El resultado fue nuevo dentro del campo de la revolución, pero no podía dejar de estar atravesado por señas de identidad de una época que lo trascendió y que aún perdura: la convicción de que el control del Estado resultaba imprescindible para la transformación deseada y en donde la política se entendía como un proceso de acumulación de fuerzas que posibilitaría tomar el poder. Todo en un continente en donde la “democracia” fue una palabra hueca durante décadas, casi siempre esgrimida por los poderosos, dispuestos a ahogar en sangre las pretensiones populares de participar en las decisiones colectivas. En esa actitud creadora del Che, radican las características que lo identificaron: una ideología hecha conducta; una persona que no se conformó con incidir en las ideas de los demás, sino también en los sentimientos; y una muerte sólo explicable por la búsqueda de ese destino. En cuarenta y un años… los guevaristas más brillantes y talentosos, los más valientes y consecuentes o los más charlatanes, se han entregado a una certeza que no han creado al precio de renunciar a todo impulso creativo y hereje, propio del Che. Tal vez no sea algo de qué avergonzarse. No todos, después de todo, seremos como el Che. Lo que indigna, sí, es otra cosa: la creencia banalizada o, su contrapartida, fosilizada, que ciertas organizaciones promueven sobre esa figura con la intención de administrarla como la iglesia administra la Fe de los creyentes. El partido o la organización política burócrata, dispuesta a convertir en dogma lo que en su origen fue una idea viva y dinámica.
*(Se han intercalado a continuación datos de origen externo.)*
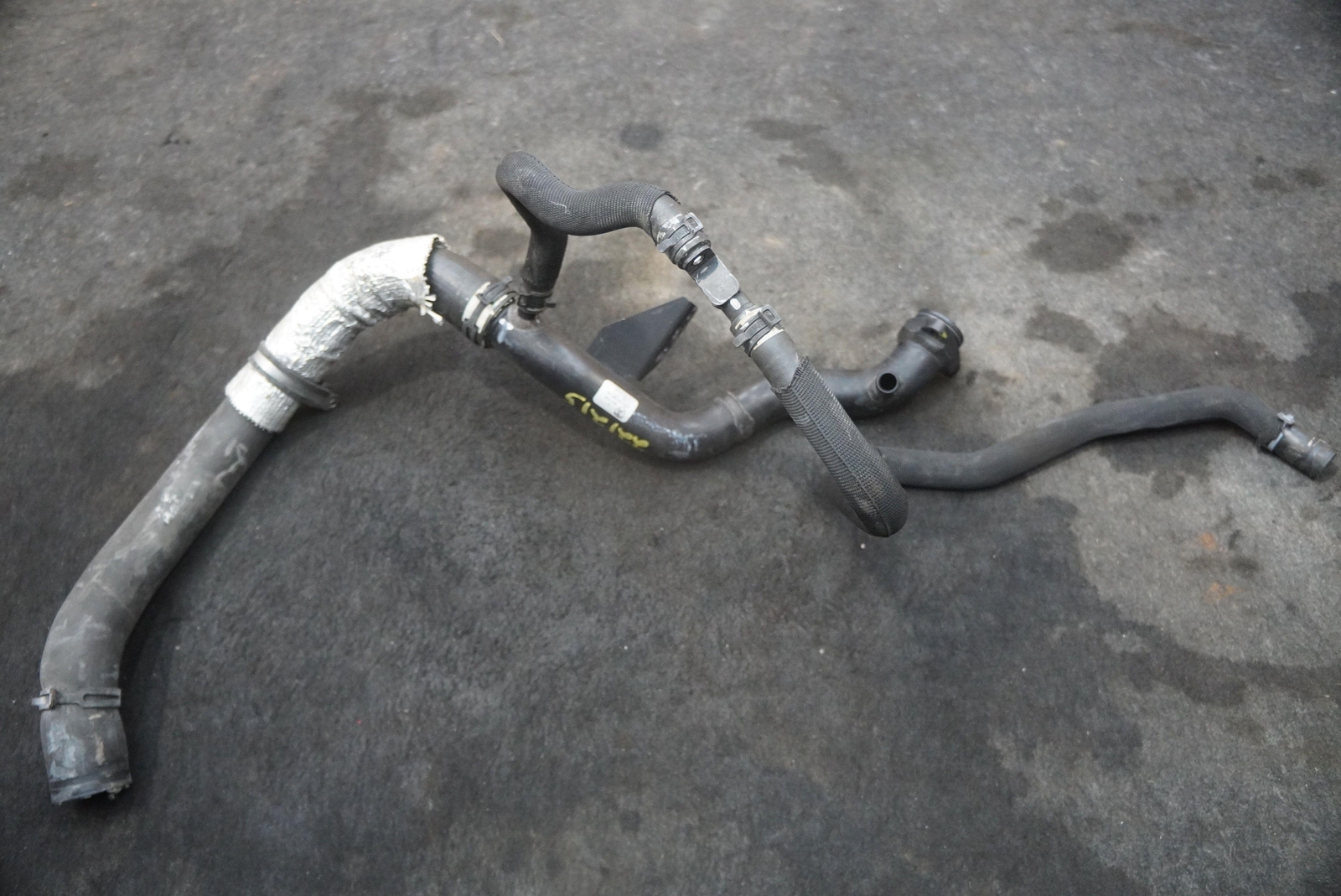 Left Water Radiator Cooling Pipe Hose Tube 470121051A Lamborghini Aventador 2015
Y todo porque toda creencia fosilizada devenida en dogma precisa de un “clero político” que encuadre la interpretación de los “fieles”, función que otorga un poder que puede ser sobre miles o sobre dos, pero que siempre busca consolidar a la camarilla política estrecha, deseosa de perpetuar sus mezquinos privilegios sofocando, y hasta abortando, los impulsos creadores que dinamizan los procesos.
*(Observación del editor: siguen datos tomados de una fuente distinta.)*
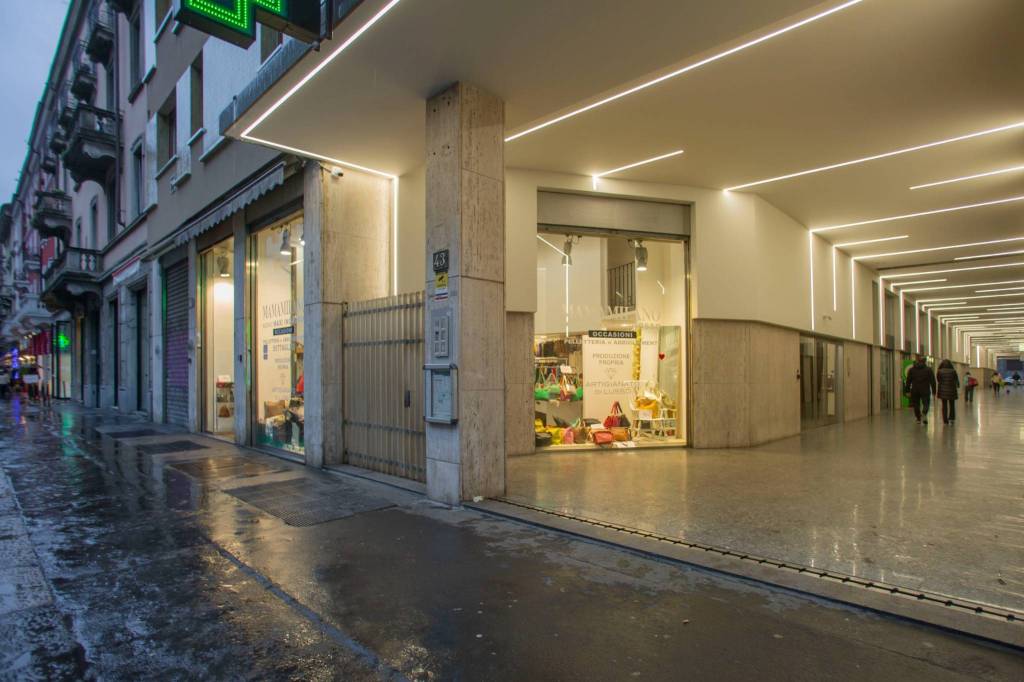 negozio in vendita a Milano in zona Centro Direzionale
El Che era un creador. Alguien dijo alguna vez que el mundo, y todo lo que hay en él, es producto de los creadores de todas las épocas y de todos los signos. Uno de ellos fue asesinado un 9 de octubre de 1967. Desde entonces ha entrado en la gloria que buscan los héroes, y que según Jean Paul Sartre, en el prólogo de un libro titulado Retrato del Aventurero, era “ese instante infinitesimal en donde aún vivos y ya muertos, se sentirán convertidos para los otros en lo que ya eran para sí mismos”.